Amid the reports of clustering cases of respiratory illness in children in northern China, the union health ministry on Friday said that it is closely monitoring the outbreak of H9N2 and clusters of respiratory illness.
The health ministry said, “There is low risk to India from both the avian influenza case reported from China as well as the clusters of respiratory illness”. India, the ministry added, is prepared for any kind of exigency that may emerge from the current influenza situation in that country.
In a statement, the ministry said that based on available information, an increase in incidence of respiratory diseases in China has been reported in the last few weeks. “The usual causes of respiratory illness in children have been implicated and there has been no identification of an unusual pathogen or any unexpected clinical manifestations,” it added.
The World Health Organization (WHO) on Wednesday had said, “Chinese authorities from the National Health Commission reported an increase in incidence of respiratory diseases in China. Chinese authorities attributed this increase to the lifting of COVID-19 restrictions and the circulation of known pathogens such as influenza, mycoplasma pneumoniae (a common bacterial infection which typically affects younger children), respiratory syncytial virus (RSV), and SARS-CoV-2 (the virus that causes COVID-19)”. The global health body that since mid-October, northern China has reported an increase in influenza-like illness compared to the same period in the previous three years.

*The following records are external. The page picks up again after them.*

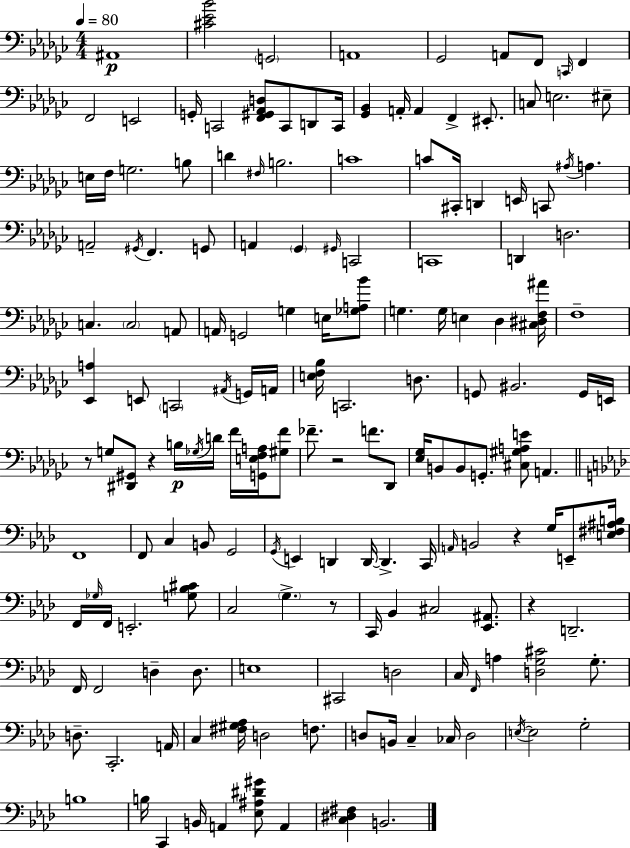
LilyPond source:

{
  \clef bass
  \numericTimeSignature
  \time 4/4
  \key ees \minor
  \tempo 4 = 80
  \repeat volta 2 { ais,1\p | <cis' ees' bes'>2 \parenthesize g,2 | a,1 | ges,2 a,8 f,8 \grace { c,16 } f,4 | \break f,2 e,2 | g,16-. c,2 <f, gis, aes, d>8 c,8 d,8 | c,16 <ges, bes,>4 a,16-. a,4 f,4-> eis,8.-. | c8 e2. eis8-- | \break e16 f16 g2. b8 | d'4 \grace { fis16 } b2. | c'1 | c'8 cis,16-. d,4 e,16 c,8 \acciaccatura { ais16 } a4. | \break a,2-- \acciaccatura { gis,16 } f,4. | g,8 a,4 \parenthesize ges,4 \grace { gis,16 } c,2 | c,1 | d,4 d2. | \break c4. \parenthesize c2 | a,8 a,16 g,2 g4 | e16 <ges a bes'>8 g4. g16 e4 | des4 <cis dis f ais'>16 f1-- | \break <ees, a>4 e,8 \parenthesize c,2 | \acciaccatura { ais,16 } g,16 a,16 <e f bes>16 c,2. | d8. g,8 bis,2. | g,16 e,16 r8 g8 <dis, gis,>8 r4 | \break b16\p \acciaccatura { ges16 } d'16 f'16 <g, e f a>16 <gis f'>8 fes'8.-- r2 | f'8. des,8 <ees ges>16 b,8 b,8 g,8.-. <cis gis a e'>8 | a,4. \bar "||" \break \key f \minor f,1 | f,8 c4 b,8 g,2 | \acciaccatura { g,16 } e,4 d,4 d,16~~ d,4.-> | c,16 \grace { a,16 } b,2 r4 g16 e,8-- | \break <e fis ais b>16 f,16 \grace { ges16 } f,16 e,2.-. | <g bes cis'>8 c2 \parenthesize g4.-> | r8 c,16 bes,4 cis2 | <ees, ais,>8. r4 d,2.-- | \break f,16 f,2 d4-- | d8. e1 | cis,2 d2 | c16 \grace { f,16 } a4 <d g cis'>2 | \break g8.-. d8.-- c,2.-. | a,16 c4 <fis gis aes>16 d2 | f8. d8 b,16 c4-- ces16 d2 | \acciaccatura { e16~ }~ e2 g2-. | \break b1 | b16 c,4 b,16 a,4 <ees ais dis' gis'>8 | a,4 <c dis fis>4 b,2. | } \bar "|."
}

The ministry had also held a meeting recently under the Directorate General of Health Services to discuss the preparedness measures against human cases of avian influenza in the country against the backdrop of a human case of H9N2 (avian influenza virus) that was reported to the WHO, it said.
“The overall risk assessment by the WHO indicates a low probability of human to human spread and low case fatality rate among human cases of H9N2 reported to the WHO so far. The need for strengthening surveillance among human, animal husbandry and wildlife sectors and improving coordination was recognised. India is prepared for any kind of public health exigency,” the ministry added.
Meanwhile, talking to the newspaper, Dr Rajeev Jayadevan, Co-Chairman, National IMA COVID Task Force, said, “From China, there are reports of children getting respiratory symptoms severe enough to go to hospital. The increased patient load in hospitals has caused prolonged waiting times. This appears to be due to influenza, respiratory syncytial virus, adenovirus and Mycoplasma infections as China heads towards the first winter since pandemic restrictions were fully removed”. Dr Jayadevan added that these are seasonal infections, which have been on the rise unusually early in China since October. However, influenza and RSV have been active among children in India too.
However, the ministry said that India is embarking on a ‘One Health’ approach to adopt a holistic and integrated roadmap towards addressing such public health issues. There has also been a significant strengthening of health infrastructure especially since the Covid pandemic. In addition, India’s surveillance and detection networks under Integrated Disease Surveillance Programme (IDSP) have rich experience of dealing with challenging health situations during the Covid pandemic, the ministry said.